And life transitions can be hard, but they’re also where our stories get rewritten.
They’re the moments when the old narrative no longer fits, and we’re left in that messy middle, trying to figure out what comes next. But instead of closing your eyes and desperately trying to rush into the next chapter, these are the moments you have the opportunity to write it.
That’s where awareness comes in. Once you start noticing the stories you’re currently telling, the ones quietly narrating how you see yourself, what you think you deserve, what you believe is possible, you get to decide whether they’re actually serving you anymore.
You can begin asking:
What story am I telling about this transition?
Who told it to me first?
What story would make this season feel more hopeful, more meaningful, more me?
When you choose to tell a different story, you don’t erase the hard parts. You just give them context, and in that context, meaning. That’s what helps the chaos start to feel coherent again.
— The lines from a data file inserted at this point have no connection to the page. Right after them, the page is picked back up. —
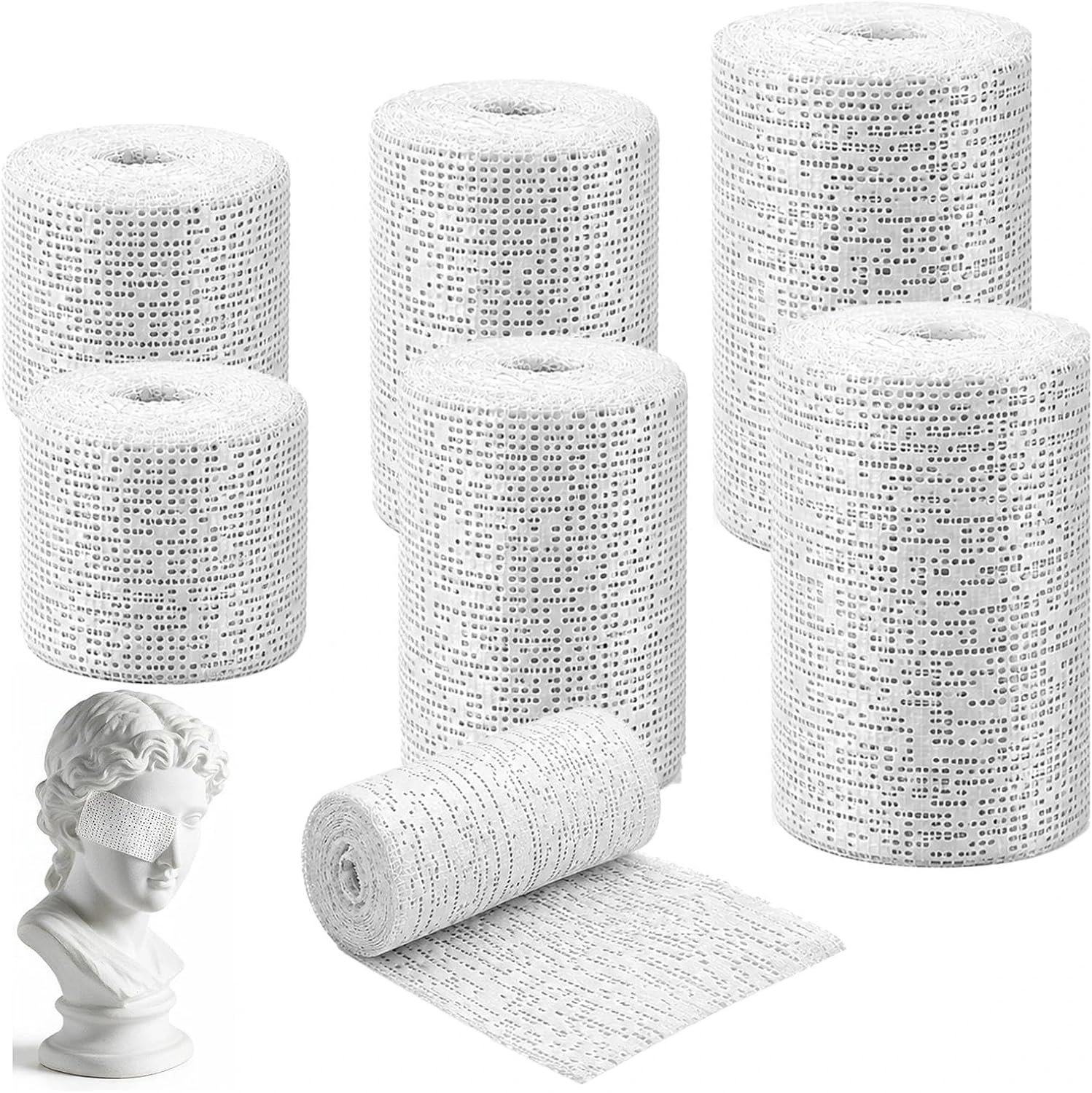 Plakbandrollen voor knutselen - 6 rollen gipsband, 2-10 cm x 270 cm, snel drogend, ideaal voor modellen en ambachten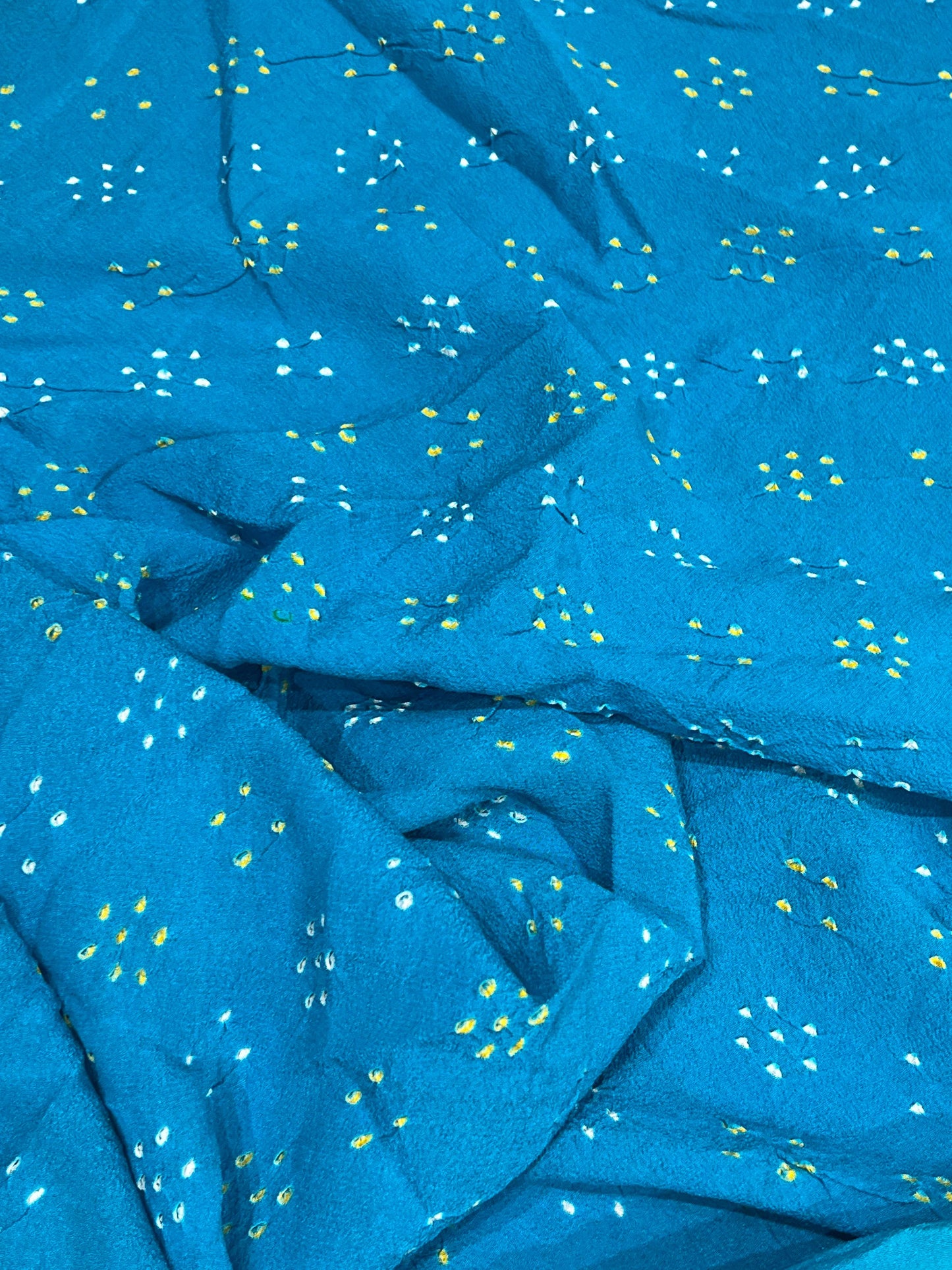 TURQUOISE BLUE GEORGETTE PURE HANDLOOM BHANDEJ SAREE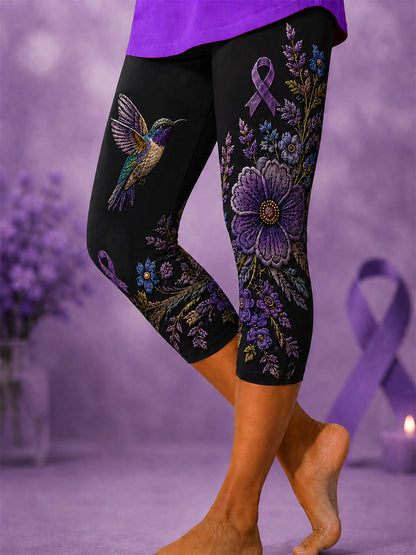 Kvinders lilla blomster & Hummingbird Print Alzheimers opmærksomhed Støtte beskårne Leggings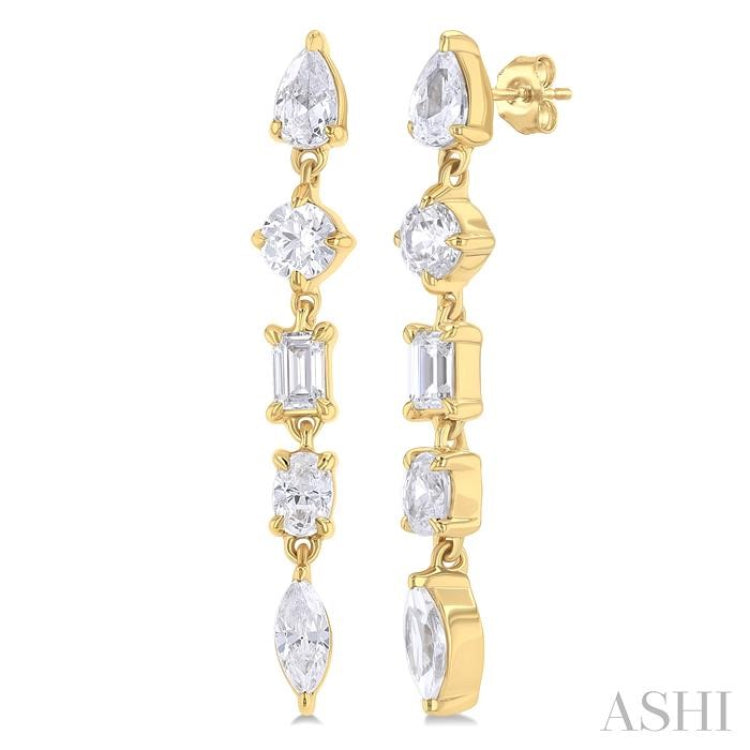 1.00 ctw Mixed Diamond Cut Fashion Earring in 14K Yellow Gold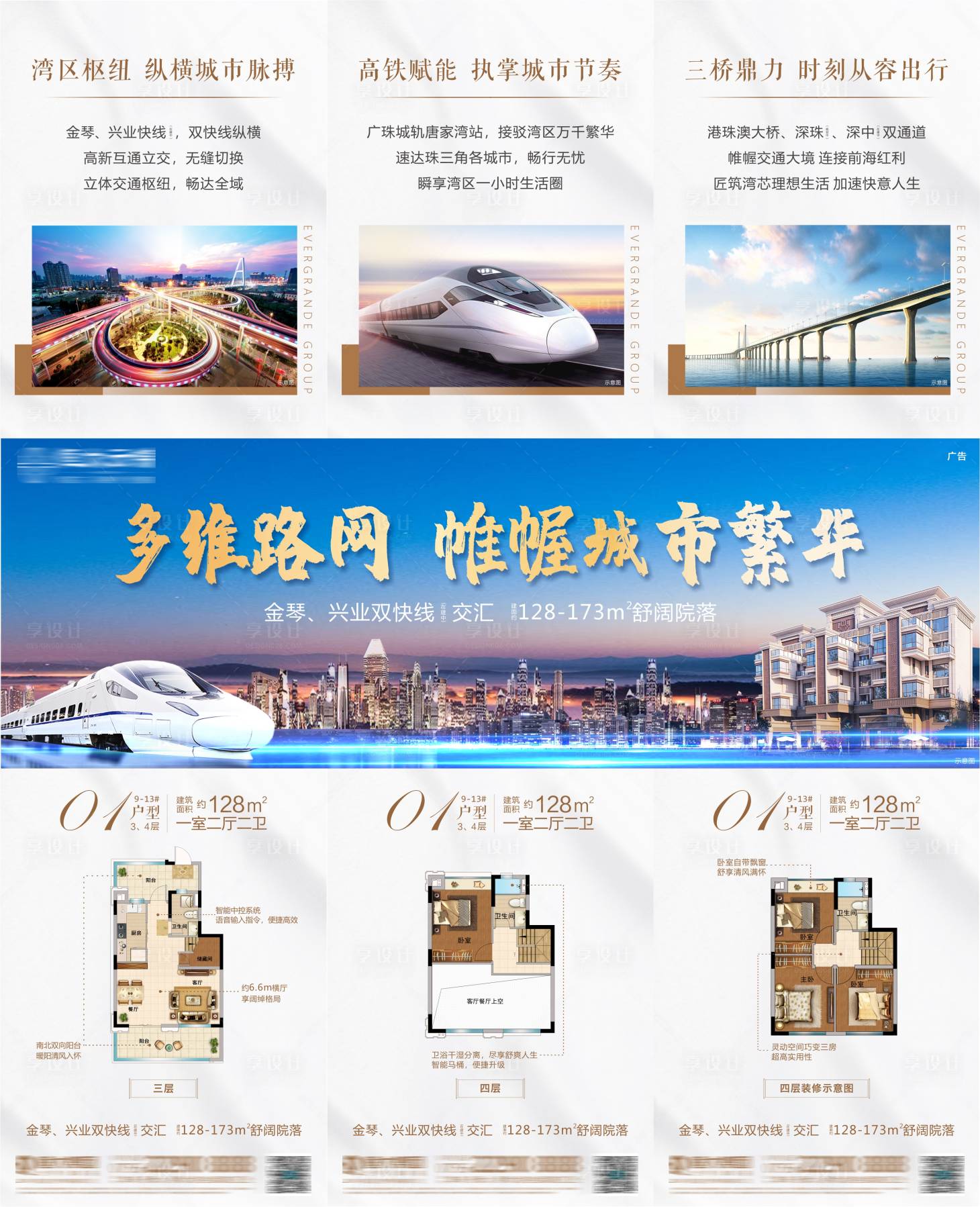 源文件下載【享設計】搜索編號：31130006251452388【地產交通三宮格海報】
So if you’re in that middle bit right now, try this: stop fighting to “figure it out,” and start listening to the story you’ve been living inside. The story you’re telling yourself about this season of life. Because once you see it, you can start to reimagine it, not as an ending, but as the beginning of a new chapter you actually want to live.
And that’s where you start to take your power back.
[3 QUESTIONS ]
Think of a defining moment in your life so far. What would it look like to “try on” different stories about it?
For example, a breakup could be seen as: The failure that proves I’m unlucky in love OR a necessary ending that made room for growth. How does each version feel, and which story supports where you’re going next?
What story about “how your life is supposed to go” are you unconsciously performing? And who actually wrote it? Your culture, parents, a past self?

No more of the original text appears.